Gli ordinamenti democratici, tanto magnificati nelle culture occidentali, hanno nella libertà il proprio contenuto principale. Se fosse altrimenti, rappresenterebbero mere forme di governo, non necessariamente  preferibili ad altre. Si capisce perché privare un uomo della libertà rappresenta uno tra i torti maggiori che gli si possa fare e perché, di conseguenza, le sue limitazioni dovrebbero essere previste quando, effettivamente, tutto il resto ha fallito.  Abbiamo parlato delle storture presenti nell’istituto della custodia cautelare in Italia con Franco Coppi, avvocato di Raniero Busco; il quale, dopo cinque anni d’attesa (fu indagato nel gennaio del 2007), una sentenza di colpevolezza e la condanna a 24 anni di reclusione, ha visto ribaltare il precedente verdetto dalla corte d’Assise d’appello di Roma, che lo ha assolto con formula piena. Non è lui l’assassino di Simonetta Cesaroni, massacrata il 7 agosto del 1990 con 29 coltellate in via Poma, a Roma.



Avvocato, crede che i presupposti necessari per emettere un provvedimento di custodia cautelare siano sempre rispettati?
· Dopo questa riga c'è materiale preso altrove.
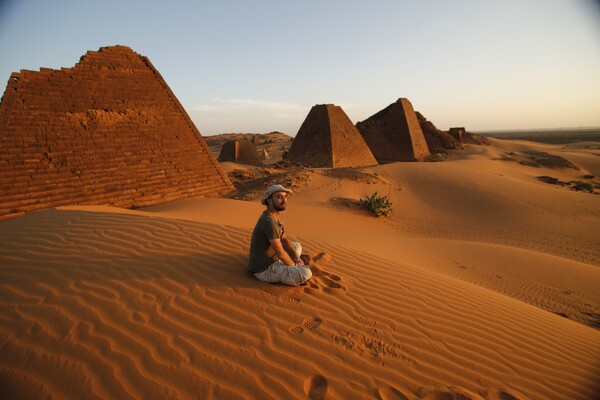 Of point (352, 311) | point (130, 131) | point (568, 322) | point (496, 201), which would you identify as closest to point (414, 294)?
point (352, 311)

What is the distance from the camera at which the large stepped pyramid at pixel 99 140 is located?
24.3 feet

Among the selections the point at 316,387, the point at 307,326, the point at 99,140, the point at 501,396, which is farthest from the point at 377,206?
the point at 316,387

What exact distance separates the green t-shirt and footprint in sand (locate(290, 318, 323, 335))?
802 mm

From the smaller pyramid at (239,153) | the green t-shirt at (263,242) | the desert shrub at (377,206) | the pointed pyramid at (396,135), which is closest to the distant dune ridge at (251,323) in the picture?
the green t-shirt at (263,242)

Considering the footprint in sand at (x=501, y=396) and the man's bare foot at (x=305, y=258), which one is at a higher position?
the man's bare foot at (x=305, y=258)

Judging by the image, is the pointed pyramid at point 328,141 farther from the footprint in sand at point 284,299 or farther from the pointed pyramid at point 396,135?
the footprint in sand at point 284,299

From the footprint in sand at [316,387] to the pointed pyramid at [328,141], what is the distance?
14946mm

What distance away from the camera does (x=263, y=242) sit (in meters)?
3.30

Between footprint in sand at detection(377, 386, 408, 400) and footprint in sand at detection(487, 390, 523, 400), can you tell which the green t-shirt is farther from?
footprint in sand at detection(487, 390, 523, 400)

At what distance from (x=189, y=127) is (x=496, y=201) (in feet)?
41.6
Non è un caso che spesso, il Tribunale del Riesame o la Cassazione annullino misure di custodia cautelare disposte in precedenza.  Non di rado tali misure sono applicate laddove non ci sarebbe alcun bisogno della privazione della libertà personale. Può capitare che si sollevi l’ipotesi di reiterazione di reati analoghi a quelli contestati quando, in realtà, non ne sussistono i motivi; oppure, che il provvedimento sia emanato a distanza di troppo tempo dal reato contestato per poter sostenere il rischio di inquinamento delle prove. Diciamo che nei confronti di provvedimenti di questo genere occorrerebbe maggiore prudenza.  



Quando, invece, è doveroso applicarla?

Oltre al rischio di reiterazione del reato, di inquinamento delle prove e di fuga, ci sono reati rispetto ai quali le esigenze cautelari si impongono da sole, come nel caso di accusa di associazione a delinquere. E’ necessario, inoltre, che ricorrano, ad esempio, degli indici di colpevolezza, ovvero che il magistrato abbia raccolto degli elementi che suggeriscano la probabile colpevolezza dell’indagato.

Crede, in ogni caso, che andrebbe implementato l’utilizzo di altri strumenti quali gli arresti domiciliari o l’obbligo di presentazione?

Dubito che le mezze misure possano realmente servire a qualcosa. Non credo, ad esempio, che essere obbligati a presentarsi di fronte ad un commissariato, di tanto in tanto, annulli il pericolo di reiterazione del reato. Piuttosto, sarebbe necessario apportare una serie di modifiche al sistema.



Quali?

Il provvedimento cautelare dovrebbe essere adottato e servire nell’immediatezza delle indagini; e, in quel caso, le indagini dovrebbero essere privilegiate rispetto a qualsiasi altro tipo di procedimento, in tempi brevissimi. Sarebbe necessario, oltretutto, ridurre in tempi  della custodia stessa, per obbligare il magistrato a compiere gli accertamenti nel più breve tempo possibile.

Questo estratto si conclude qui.